The overextension of the labor force during the Qin Dynasty would result in a popular uprising against the empire. In 206 B.C., Liu Bang, a Qin official, led an army composed of peasants and some lower nobility to victory and established his own Dynasty in place, the Han. However, unlike the Qin, the Han would unify China and rule virtually uncontested for over four hundred years. It is during this time that much of what is now considered to be Chinese culture was first actualized. The bureaucracy started under the Qin was now firmly established. The vast lands of China were now under the firm grip of a central authority. Confucianism became the state ideology although the worship of Taoist deity remained widespread, both among the peasants and the aristocracy. Ancient histories and texts were analyzed and rewritten to be more objective while new legendary myths and cultural epics were transcribed.
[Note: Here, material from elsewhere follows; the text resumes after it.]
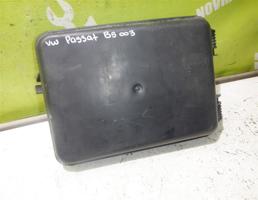 Корпус блока предохранителей для VW Passat B5 96-00  запчасти бу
The Han era can also be characterized as one of the greatest artistic outpourings in Chinese history, easily on par with the glories of their Western contemporaries, Greece and Rome. Wealth pouring into China from trade along the Silk Road initiated a period of unprecedented luxury. Stunning bronze vessels were created, decorated with elegant inlaid gold and silver motifs. Jade carvings reached a new level of technical brilliance. But perhaps the artistic revival of the Han Dynasty is nowhere better represented than in their sculptures and vessels that were interred with deceased nobles. Called mingqi, literally meaning “spirit articles,” these works depicted a vast array of subject, from warriors and horses to ovens and livestock, which were buried alongside the dead for use in the next world, reflecting the Chinese belief that the afterlife was an extension of our earthy existence. Thus, quite logically, the things we require to sustain and nurture our bodies in this life would be just as necessary in our next life.
The Han Dynasty, like the Zhou before it, is divided into two distinct periods, the Western Han (206 B.C.-9 A.D.) and the Eastern Han (23-220 A.D.) with a brief interlude. Towards the end of the Western period, a series of weak emperors ruled the throne, controlled from behind the scenes by Wang Mang and Huo Guang, both relatives of empresses. They both exerted enormous influence over the government and when the last emperor suddenly passed away, Mang became ruling advisor, seizing this opportunity to declare his own Dynasty, the Xin, or “New.” However, another popular uprising began joined by the members of the Liu clan, the family that ruled the Han Dynasty, the Xin came to a quick end and the Eastern Han was established in its place with its capital at Loyang (Chang’an, the capital of the Western Han, was completely destroyed).
However, even as Chinese influence spread across Southeastern Asia into new lands, the Eastern Han Dynasty was unable to recreate the glories of the Western Period. In fact, this period can be characterized by a bitter power struggle amongst a group of five consortial clans. These families sought to control the young, weak emperors with their court influence. Yet, as the emperors became distrustful of the rising power of the clans, they relied upon their eunuchs to defend them, often eliminating entire families at a time. During the Western Han, the Emperor was viewed as the center of the universe. However, this philosophy slowly disintegrated under the weak, vulnerable rulers of the Eastern Han, leading many scholars and officials to abandon the court. Eventually, the power of the Han would completely erode, ending with its dissolution and the beginning of the period known as the “Three Kingdoms.”
This green-glazed stove, elevated upon four small legs, takes on the form of a stylized dragon. Wood would have been placed inside the arched opening in the back and burned, heating up the three pots. Smoke would have risen out of the dragon-headed spout, producing an eerie, mystical effect. Row of incised dashes produce the effect of the dragon’s scaly skin while the elegantly modeled head, including two bulging eyes and a central horn, transforms into a spherical pot. This unusual feature may relate to an ancient proverb or myth that associated the dragon with the culinary arts. Three vessels have become encrusted onto the surface of the stove. Originally, these vessels would have held stews and boiled foods or boil water for steamed dishes. Despite the beauty and value of this stove, it is possible that it never cooked a meal. This possibility is reinforced by the fact that the floor of the stove is absent, although the entire work may have been placed over a fire. Discovered buried inside a tomb, next to an important member of the social hierarchy during the Han Dynasty, perhaps its intended function was purely symbolic. The Han culture believed that the afterlife was an extension of our earthly existence. Thus, logically, as we require food to nourish our bodies on earth, so too will we require food to nourish our souls in the afterlife. It is likely that this stove served a greater purpose than cooking food; it provided eternal sustenance for the deceased. Clearly, the luxury of this work attests to the importance of the individual with whom it was entombed. There, beneath the earth, this stove burned eternally, nourishing the spirit in the next world much as it nourishes our eyes with beauty and fills our heads with history today.